Drools lagging behind schedule

I am seeing a weird issue after updating packages on my Ubuntu 14.04 box (running OpenRemote 2.6.0 B3).
Drools is running behind schedule, and eventually it seems to give up, missing events completely.

The log shows that the timers start out working correctly, but slowly lag further and further behind. Restarting OpenRemote does not fix the issue, only a full computer reboot mitigates the problem (for a while).

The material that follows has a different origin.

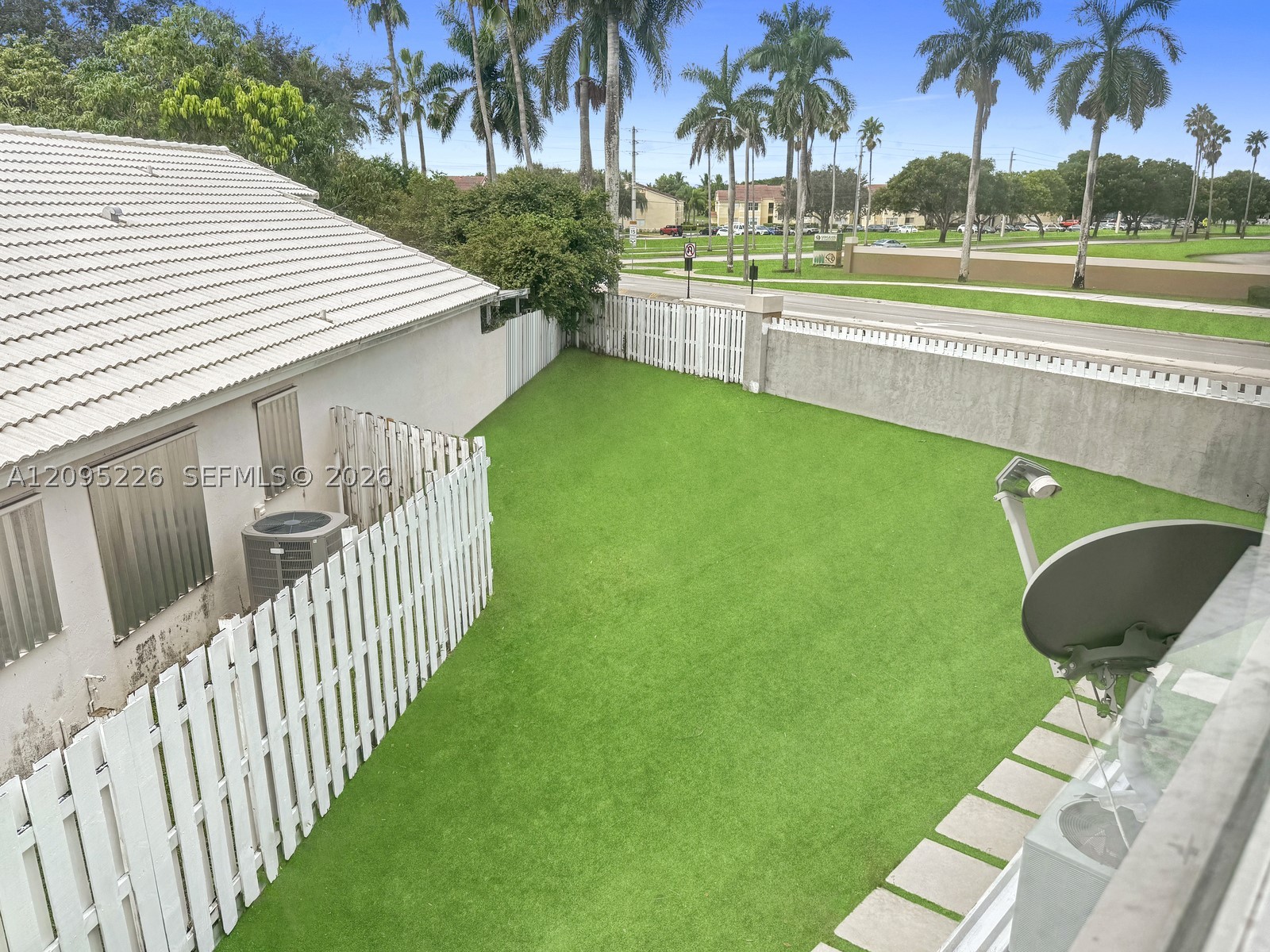 1015 NW 125th Ter, Sunrise FL 33323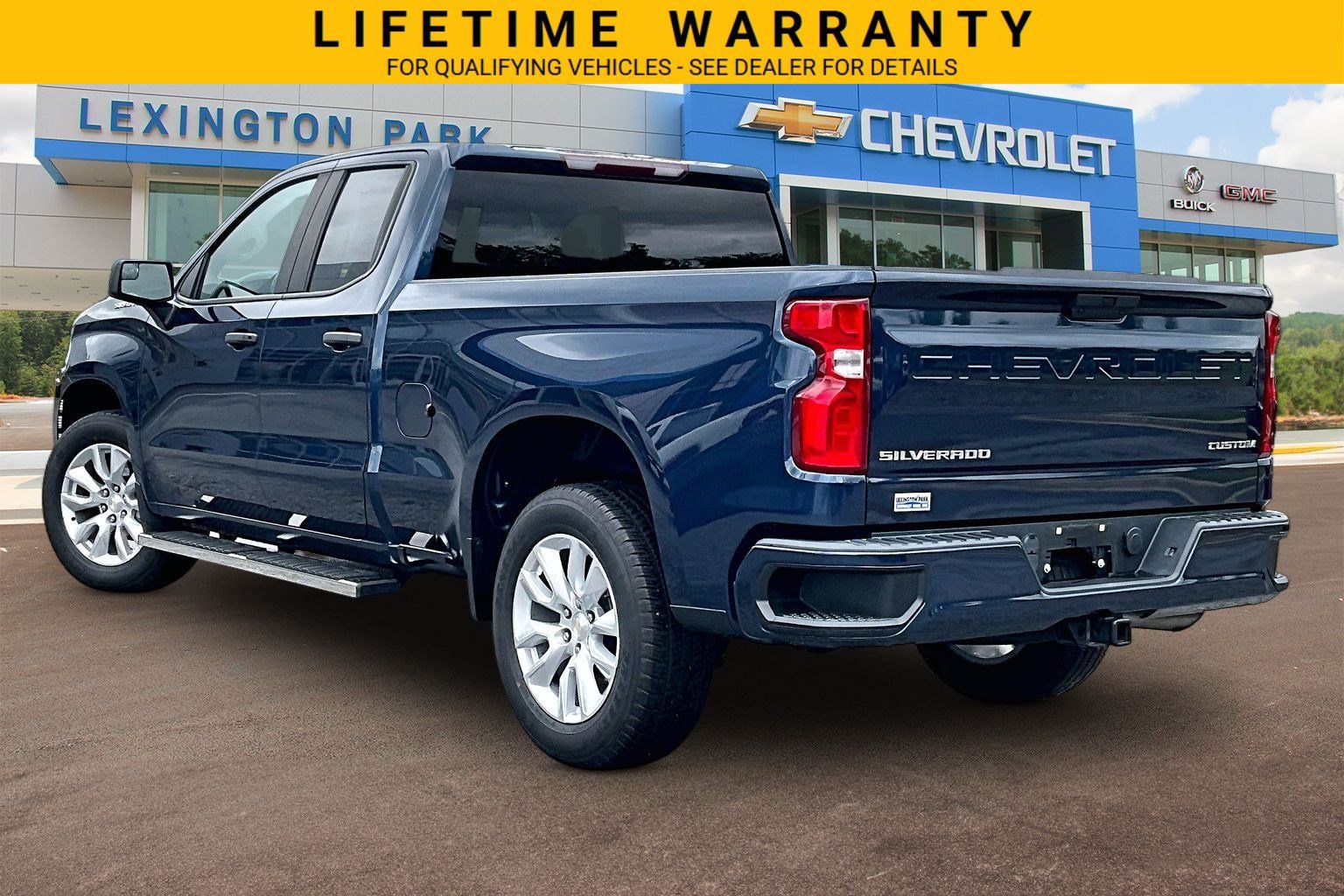 Certified 2022 Chevrolet Silverado 1500 Custom RWD image 2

For clarity, the Nissan Leaf command is a simple python script.

Here are the relevant rules:

rule “Turn Fan on the Hour Every Hour”

timer (cron: 00 00 * * * ? ) when eval (true) then

execute.command(“Node 5 (ON)”);

end

rule “Turn Fan off after 10 Minutes of Runtime”

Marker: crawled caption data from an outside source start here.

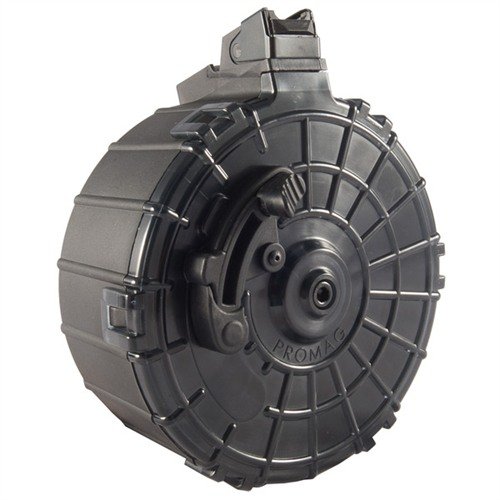 SAIGA 12 DRUM MAGAZINE fra PRO MAG gir høy kapasitet for konkurranse og rekreasjon, laget av slitesterk polymer, med enkel lasting og beskyttelse mot smuss.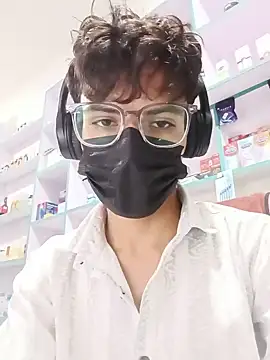 Hornyboy337 Pertunjukan Webcam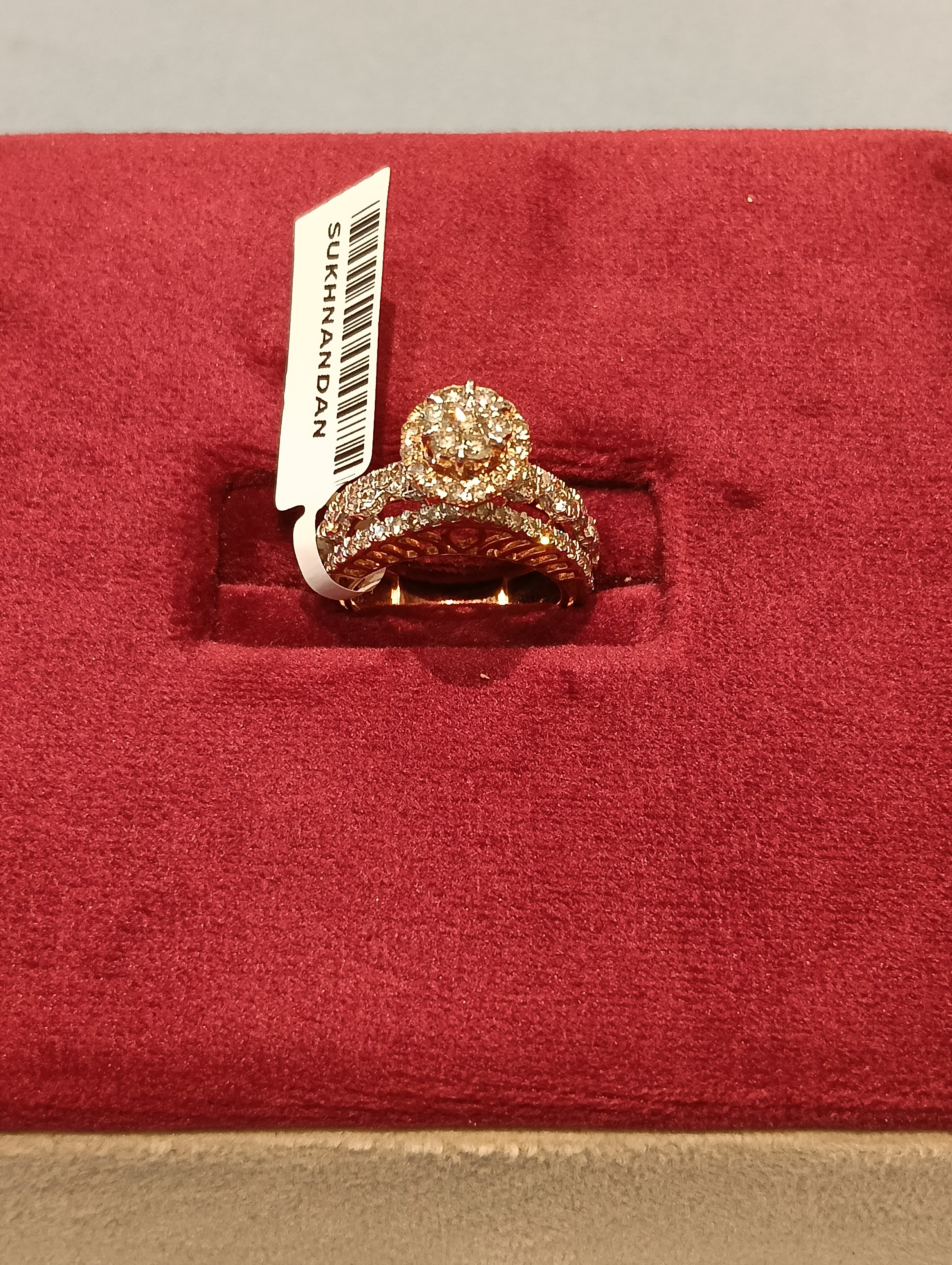 Diamond Ladies rings
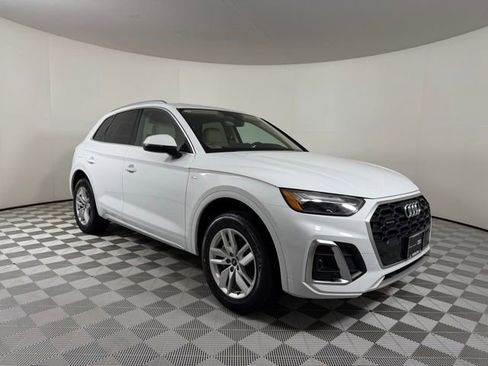 Used 2023 Audi Q5 2.0T Premium w/ Convenience Package image 1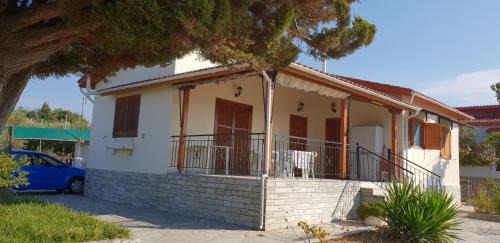 Nea Propontida House | Halkidiki SeaFront Beach House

timer (cron: 00 10 * * * ? ) when eval (true) then

execute.command(“Node 5 (OFF)”);

end

rule “Ping the Nissan Leaf for an update every 5 minutes”

timer (cron: 0 0/5 * * * ? ) when eval (true) then

execute.command(“Update Nissan Leaf Info”);

end

``

Here is part of the log:

DEBUG 2018-02-12 20:58:12,727 (Drools): rule “Ping the Nissan Leaf for an update every 5 minutes” // (package org.openremote.controller.model.event)

Declarations

LHS objects(antecedents)

Class: “InitialFactImpl”

Fields:

org.drools.core.reteoo.InitialFactImpl@4dde85f0

DEBUG 2018-02-12 21:05:22,303 (Drools): rule “Turn Fan on the Hour Every Hour” // (package org.openremote.controller.model.event)

Declarations

LHS objects(antecedents)

Class: “InitialFactImpl”

Fields:

org.drools.core.reteoo.InitialFactImpl@4dde85f0

DEBUG 2018-02-12 21:05:22,304 (Drools): rule “Ping the Nissan Leaf for an update every 5 minutes” // (package org.openremote.controller.model.event)

Declarations

LHS objects(antecedents)

Class: “InitialFactImpl”

Fields:

org.drools.core.reteoo.InitialFactImpl@4dde85f0

DEBUG 2018-02-12 21:08:19,931 (Drools): rule “Ping the Nissan Leaf for an update every 5 minutes” // (package org.openremote.controller.model.event)

    Declarations

    LHS objects(antecedents)

            Class: "InitialFactImpl"

            Fields:

                    org.drools.core.reteoo.InitialFactImpl@4dde85f0

DEBUG 2018-02-12 21:09:07,246 (Drools): rule “Ping the Nissan Leaf for an update every 5 minutes” // (package org.openremote.controller.model.event)

    Declarations

    LHS objects(antecedents)

            Class: "InitialFactImpl"

            Fields:

                    org.drools.core.reteoo.InitialFactImpl@4dde85f0

``

Hi

This is purely a guess, but could it be the use of chron in the timer?

I only use :

timer (int: 15s) // 15 seconds interval timer

``

So is it worth trying this in your rules?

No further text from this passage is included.